CA 63 BOISSIER/LEDUC

(de gauche à droite : Clémentine Lacour de la Chambre d'agriculture, Noël Domps, Daniel Condat vice-président de la Chambre d'agriculture, Corinne Simon).
Corinne Simon, sous-préfète d’Ambert, a écouté les explications sur l’étude menée par la Chambre d'agriculture sur « Natura 2000, rivières à moules perlières »

Corinne Simon, sous-préfète d’Ambert, à l’invitation des élus de la Chambre d'agriculture, s’est rendue au Gaec de Laffix en Livradois-Forez, pour voir les incidences des différents périmètres Natura 2000 sur une ferme

*Gaec de Laffix à Saillant

La sous-préfète d’Ambert en visite sur une ferme pour Natura 2000

Exploitation familiale en GAEC composé de 3 associés :

Noël Michelle et Sébastien DOMPS.

En production laitière

Quota : 519 308 litres

80 vaches laitières de race montbéliarde

Surface agricole : 97 ha dont 14 ha en propriété

Les équipements

Stabulation libre à logettes de 90 places.

Matériel en propriété et en CUMA principalement pour l’ensilage herbe.

Evènements marquant de la vie de l’exploitation

Plan de développement de la production laitière en 2008.

Installation de Sébastien en avril 2011 :

  • Augmentation de la surface fourragère
  • Développement de la production laitière
  • Agrandissement et mises aux normes de la stabulation des vaches laitières
La sous-préfète d’Ambert en visite sur une ferme pour Natura 2000

Les incidences de Natura 2000

La visite a débuté par une présentation de l’agriculture du territoire de la Pra Livradois-Forez, (économie laitière, contractualisation, quotas, Plan de modernisation des bâtiments), et de la ferme de la famille Domps *.

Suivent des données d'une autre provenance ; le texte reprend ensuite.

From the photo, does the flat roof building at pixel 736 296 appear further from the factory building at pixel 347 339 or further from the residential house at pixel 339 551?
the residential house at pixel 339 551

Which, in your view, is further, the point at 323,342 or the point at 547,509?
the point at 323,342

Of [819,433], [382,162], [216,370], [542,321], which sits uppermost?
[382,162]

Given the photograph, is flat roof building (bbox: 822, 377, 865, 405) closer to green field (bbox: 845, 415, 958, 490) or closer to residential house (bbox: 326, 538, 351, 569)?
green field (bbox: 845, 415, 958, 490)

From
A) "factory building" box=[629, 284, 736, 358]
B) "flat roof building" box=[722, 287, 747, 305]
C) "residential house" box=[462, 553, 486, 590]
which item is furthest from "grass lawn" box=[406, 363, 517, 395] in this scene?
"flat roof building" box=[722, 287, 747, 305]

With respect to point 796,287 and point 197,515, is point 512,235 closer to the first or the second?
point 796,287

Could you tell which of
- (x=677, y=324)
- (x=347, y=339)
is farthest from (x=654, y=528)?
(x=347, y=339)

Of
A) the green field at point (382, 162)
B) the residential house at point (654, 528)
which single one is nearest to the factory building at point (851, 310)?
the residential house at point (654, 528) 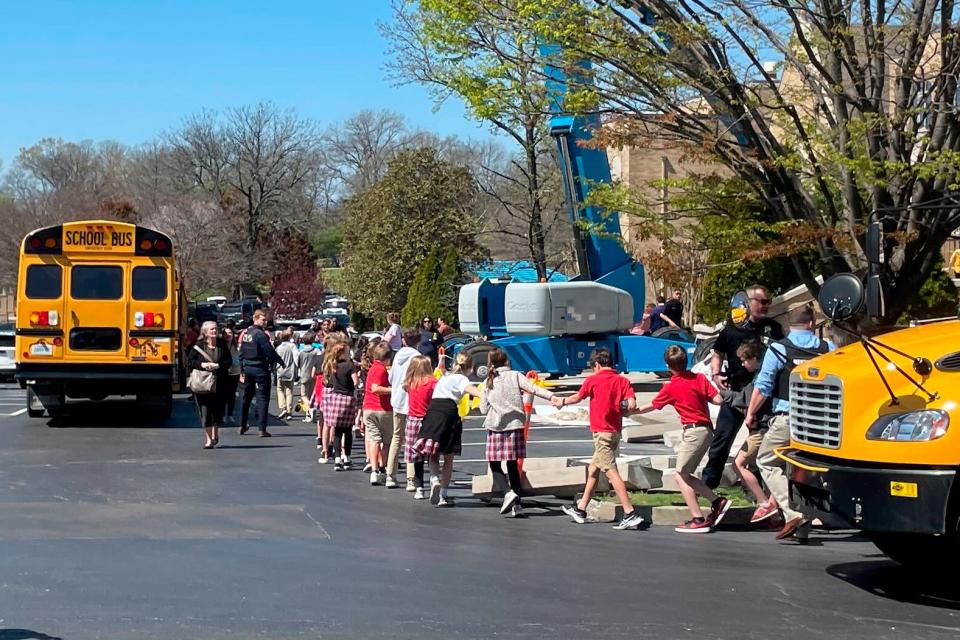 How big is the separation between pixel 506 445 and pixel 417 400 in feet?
4.75

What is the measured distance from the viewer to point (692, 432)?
1128 centimetres

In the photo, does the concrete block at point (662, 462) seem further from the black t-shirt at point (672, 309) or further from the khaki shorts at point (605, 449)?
the black t-shirt at point (672, 309)

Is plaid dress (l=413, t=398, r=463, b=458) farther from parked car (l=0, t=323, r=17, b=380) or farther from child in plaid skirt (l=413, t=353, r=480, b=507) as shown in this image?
parked car (l=0, t=323, r=17, b=380)

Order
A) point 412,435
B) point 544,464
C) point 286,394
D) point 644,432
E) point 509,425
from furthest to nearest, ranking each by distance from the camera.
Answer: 1. point 286,394
2. point 644,432
3. point 544,464
4. point 412,435
5. point 509,425

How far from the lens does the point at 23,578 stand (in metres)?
8.60

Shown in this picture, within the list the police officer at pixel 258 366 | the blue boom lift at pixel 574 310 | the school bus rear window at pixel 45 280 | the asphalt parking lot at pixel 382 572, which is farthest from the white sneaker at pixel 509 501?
the school bus rear window at pixel 45 280

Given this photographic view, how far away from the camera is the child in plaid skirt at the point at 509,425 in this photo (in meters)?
12.2

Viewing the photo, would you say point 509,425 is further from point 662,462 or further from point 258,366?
point 258,366

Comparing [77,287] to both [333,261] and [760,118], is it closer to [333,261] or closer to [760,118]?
[760,118]

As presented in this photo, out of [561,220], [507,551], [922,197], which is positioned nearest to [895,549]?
[507,551]

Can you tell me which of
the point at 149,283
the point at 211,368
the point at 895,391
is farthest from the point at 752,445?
the point at 149,283

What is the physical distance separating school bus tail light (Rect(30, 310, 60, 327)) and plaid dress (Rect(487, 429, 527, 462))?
1026 cm

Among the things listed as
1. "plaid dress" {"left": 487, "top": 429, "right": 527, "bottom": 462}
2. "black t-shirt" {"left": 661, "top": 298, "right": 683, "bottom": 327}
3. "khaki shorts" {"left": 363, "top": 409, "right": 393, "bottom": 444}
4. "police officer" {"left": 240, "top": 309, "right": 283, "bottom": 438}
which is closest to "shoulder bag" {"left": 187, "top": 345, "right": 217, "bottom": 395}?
"police officer" {"left": 240, "top": 309, "right": 283, "bottom": 438}

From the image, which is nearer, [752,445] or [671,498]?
[752,445] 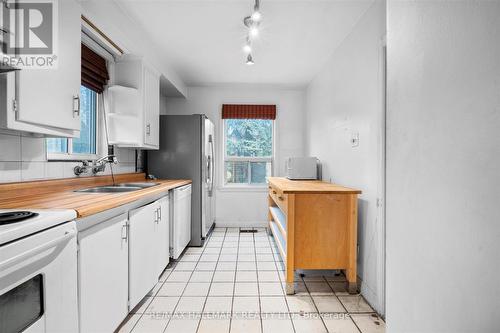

Puis l’étude réalisée par la Chambre, assortie d’une visite de parcelles, a permis de mesurer l’incidence de la contractualisation de « Natura 2000, rivières à moules perlières » sur cette ferme.

Corinne Simon, a souligné être venue écouter les paysans, et rappelé que Natura 2000 est basé sur le volontariat. A l’heure actuelle en effet, il n’existe pas de réglementation législative.

La sous-préfète d’Ambert a souhaité qu’une démarche de concertation se mette en place avec le monde agricole : « les périmètres ne sont pas fixés à l’heure actuelle, les agriculteurs  doivent s’exprimer afin de décider ensemble ».

Des questions sur divers thèmes

Les participants à la visite, ont saisi cette occasion pour aborder différents sujets avec la représentante de l’Etat sur leur secteur, comme le remembrement, nécessaire pour une activité agricole correcte, l’installation des jeunes, indispensable pour le développement du secteur...

Beaucoup ont fait remarquer que « l’agriculture n’est pas seule responsable de la pollution », et soulevé le problème lié à certaine stations d’épuration « qui ne fonctionnent pas ou mal. » D’autres se sont inquiétés : «  si tous les affluents et même les affluents des affluents sont pris dans les périmètres, alors toute la zone sera concernée. »

On a largement évoqué le PMBE, sa nécessité pour mener à bien la modernisation des bâtiments d’élevage.

Corinne Simon a conclu en expliquant sa conviction qu’agriculture= emplois. Elle souhaite également  voir se mettre en place une discussion constructive, pour aboutir à des solutions pertinentes et efficaces, sinon les agriculteurs pourraient être soumis à des décisions administratives imposées.